Writing your own Collection Finder

Since Saxon 9.7, the CollectionFinder interface replaces the CollectionURIResolver interface in previous releases. It has much more flexibility, in particular the ability to deliver non-XML resources. The old CollectionURIResolver interface has been dropped in Saxon 10.

Details of the interface can be found in the Javadoc. The basic steps are:

  1. Write a class that implements CollectionFinder. It takes a single method, which accepts an absolute collection URI, and returns an object that implements ResourceCollection. Register an instance of your CollectionFinder with the Saxon Configuration.
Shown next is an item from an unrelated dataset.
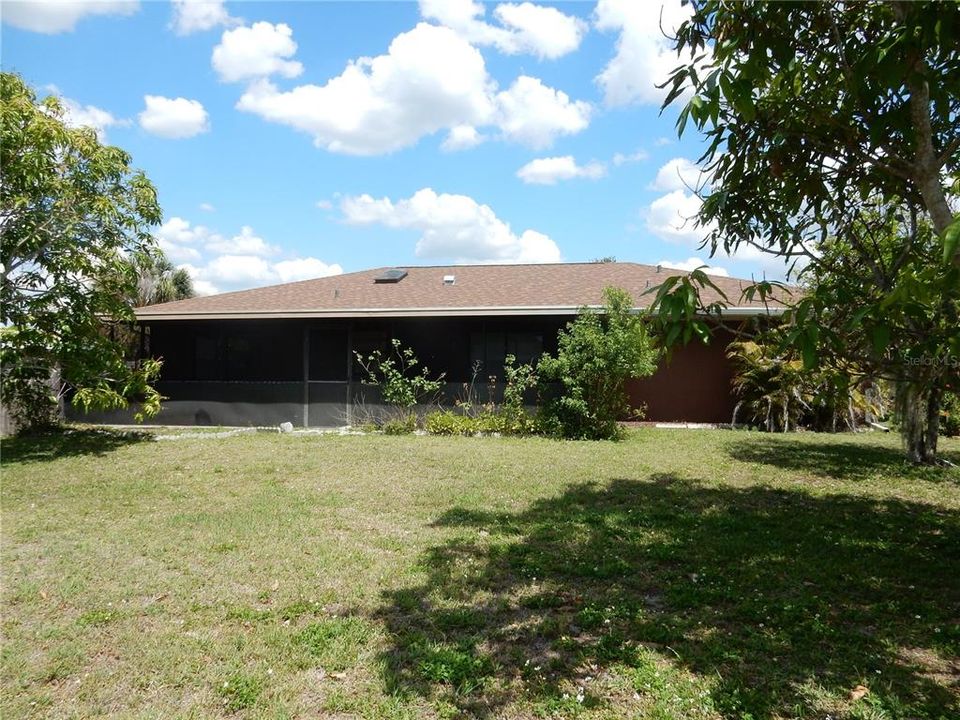 На продажу: $239,000 (3 спален, 2 ванн, 1641 Квадратных фут)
    For example, a CollectionFinder written to handle collection URIs using the scheme name "sql" might be supplied as:

    config.setCollectionFinder((context, uri) -> uri.startsWith('sql:') ? sqlCollection(uri) : config.getStandardCollectionFinder().findCollection(context, uri) )

    where sqlCollection(uri) returns some user-defined implementation of ResourceCollection, perhaps one that retrieves XML documents from a relational database.

  2. You can either reuse the existing implementations of ResourceCollection, namely CatalogCollection, DirectoryCollection, and JarCollection, or you can write your own. You can also of course subclass the existing collection classes. The ResourceCollection object provides two key methods that you need to implement: getResources(), which returns a sequence of Resource objects, and getResourceURIs(), which returns a sequence of URIs. These are invoked by the fn:collection() and fn:uri-collection() functions respectively.

  3. Again, you can either reuse existing implementations of Resource (such as XmlResource, JSONResource, UnparsedTextResource, BinaryResource, and MetadataResource), or you can create your own, perhaps by subclassing. The key method that the Resource object must provide is getItem() which returns the resource in the form of an XDM item. It is good practice to delay any extensive work such as parsing until the getItem() method is called: this reduces the memory footprint, and enables parallel evaluation of multiple threads (Saxon-EE only).